Las facciones de Tanya se suavizaron.

–Me esforcé al máximo porque lo quería.

–También él te quería –dijo David, observándola pensativo–. Sus últimas palabras fueron para ti.

–¿De veras? –inquirió ella, abriendo mucho los ojos. El pensamiento de que su padre la hubiese mencionado antes de morir la conmovió–. ¿Qué dijo?

David se quedó callado un instante.

–Él me… me hizo prometerle que cuidaría de ti –dijo finalmente.

–¿Qué?

Tanya se quedó mirándolo aturdida. ¿David… cuidar de ella? Menuda broma… Si ni siquiera le caía bien…

–Y le prometí que lo haría –añadió él. Vaciló un momento antes de continuar–. En fin; no quiero que pienses que voy a ponerte en la calle sabiendo que no tienes ningún sitio adonde ir. Se me ha ocurrido que, ya que nunca tuviste la oportunidad, quizá te gustaría estudiar una carrera universitaria.

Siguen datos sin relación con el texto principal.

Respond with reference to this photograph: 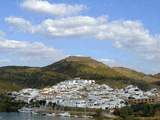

Crearía una cuenta para que puedas pagarte los gastos de matrícula, alojamiento y demás, claro está.

A Tanya le llevó un rato digerir sus palabras, y cuando comprendió lo que estaba diciéndole, el corazón comenzó a latirle con fuerza en el pecho.

–¿Una carrera universitaria…? –repitió, y a los pocos segundos su sorpresa dio paso a la ira–. No puedo creerlo… Tu padre acaba de morir, ¿y ya estás pensando en echarme?

David sacudió la cabeza.

–No estoy echándote, Tanya, yo…

–Eres un bastardo sin corazón –masculló ella–. Ahora sé por qué tu padre y tú no os llevabais bien.

Los ojos de David relampaguearon.

–No sabes nada mí.

–Sé que se le partió el alma cuando te fuiste –respondió Tanya. Tomó una fotografía enmarcada de una mesita cercana en la que aparecía David con su birrete y su toga de licenciado y le dijo blandiéndola–; sé que había días que lo encontraba aquí sentado observando esto, y sé que rara era la semana en la que no te mencionaba de un modo u otro… –volvió a colocar la fotografía en su sitio y se volvió hacia él–… y ahora sé que tienes un corazón de piedra.

Iba a rodearlo para salir del salón pero se detuvo a su lado.

–Déjame preguntarte algo, David, y respóndeme con sinceridad: ¿qué sabes de la plantación? Has estado fuera cinco años. Más aun, ¿qué sabes acerca del cultivo de la soja? –inquirió.

Sus ojos permanecieron fijos sobre el rostro de David, y observó cómo su expresión se mudaba de irritada a confundida.

–¿Soja?

–Sí, soja. Tu padre decidió cambiar el principal cultivo de cacahuetes a soja hace varios años –le respondió con una risa amarga–. ¿No lo sabías? No, por supuesto que no. La plantación nunca te ha importado lo suficiente como para mantenerte al tanto de los cambios. Hasta yo sé más de esta propiedad que tú.